- French: Louis 19, le roi des ondes
- Directed by: Michel Poulette
- Written by: Sylvie Bouchard; Émile Gaudreault; Michel Michaud; Michel Poulette;
- Produced by: Jacques Dorfmann; Pierre Laberge;
- Starring: Martin Drainville; Agathe de La Fontaine; Dominique Michel; Benoît Brière;
- Cinematography: Daniel Jobin
- Edited by: Denis Papillon
- Music by: Jean-Marie Benoît
- Distributed by: Malofilm
- Release date: 1 April 1994;
- Running time: 95 minutes
- Country: Canada
- Language: French
- Box office: C$1.8 million (Canada)

= Louis 19, King of the Airwaves =

Louis 19, King of the Airwaves (Louis 19, le roi des ondes) is a Canadian comedy film, released in April 1994.

The film stars Martin Drainville as Louis Jobin, a television fanatic who wins a contest to be on television.

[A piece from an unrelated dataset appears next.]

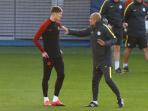 john-stones-npep_20161019_140529.jpg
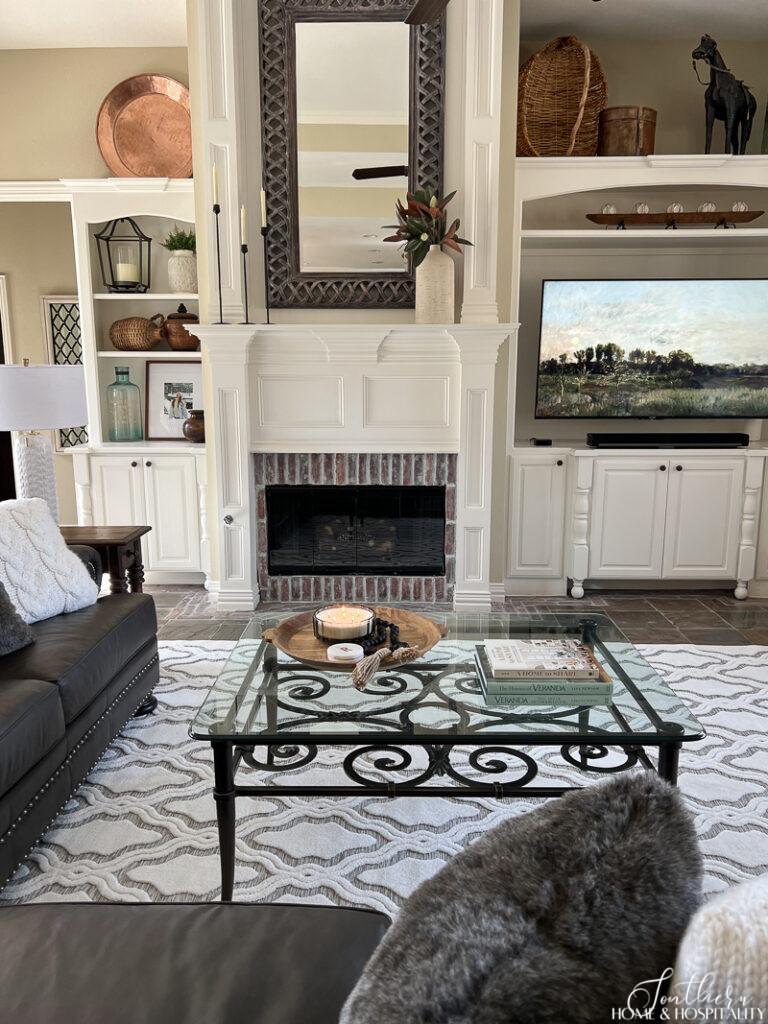 Southern style family room fireplace and built ins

Unbeknownst to him, however, his prize is to become a reality show: he is followed around by a cameraman 24 hours a day for three months, and when his life doesn't make for compelling viewing, the show's producers decide to manipulate his life to make the show more exciting.

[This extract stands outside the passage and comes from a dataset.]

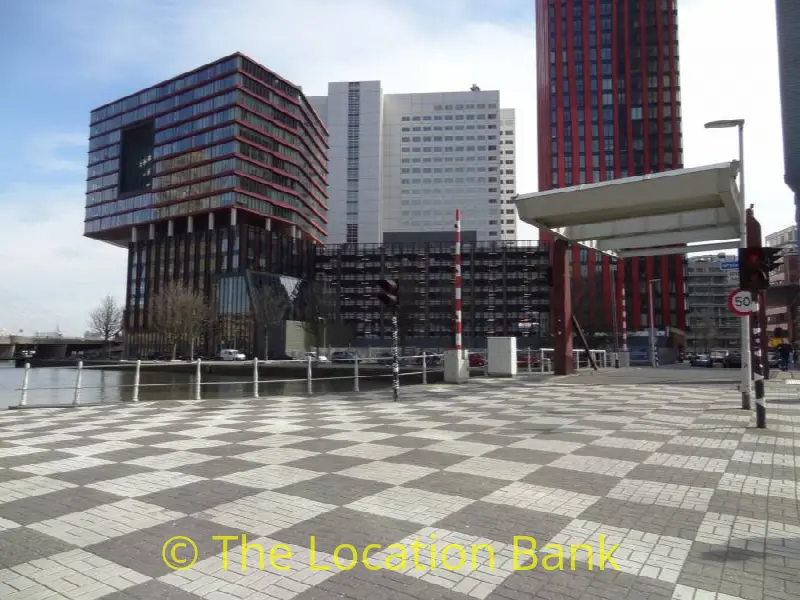 straat met ophaal brug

The film was directed by Michel Poulette, and written by Poulette, Sylvie Bouchard, Michel Michaud and Émile Gaudreault. It won the Golden Reel Award as the year's top-grossing film in Canada.

==Cast==
- Martin Drainville : Louis Jobin
- Zenhu Han : Sam Ying
- Chantal Fontaine : la reporter
- Gilbert Lachance : Remi
- Jean L'Italien : Roger
- Dominique Michel : Aline Jobin
- Alexandra Boulianne : une chanteuse de la chorale
- Mireille Thibault : une chanteuse de la chorale
- Sylvie Bouchard : une chanteuse de la chorale
- Yves Jacques : Michel Gobeil
- Carol Jones : une gardienne de sécurité
- Patricia Tulasne : Charlotte Dubreuil
- Marcela Seguel : Marie-Laurence Despins
- Stephanie Laplante : scripte télé
- Pierre Paquin : réalisateur télé
- Guillaume Lemay-Thivierge : le technicien de la régie
- Agathe de La Fontaine : Julie Leduc
- Marie-Claude Robitaille: Guylaine
- Sonia Laplante: Josée
- Benoît Brière: Caméraman

==Release==
The film opened on 34 screens in Quebec on April 1, 1994.

==Reception==
The film grossed $194,732 in its opening weekend It went on to win the Golden Reel Award for the year's top-grossing film in Canada, even though it was only released in Quebec, with a gross of C$1.8 million.

==Awards==
The film won the Claude Jutra Award for the best feature film by a first-time Canadian film director. It was also a nominee for Best Motion Picture, but lost to Exotica.

==Remake==
The 1999 American film EDtv was an adaptation of Louis 19.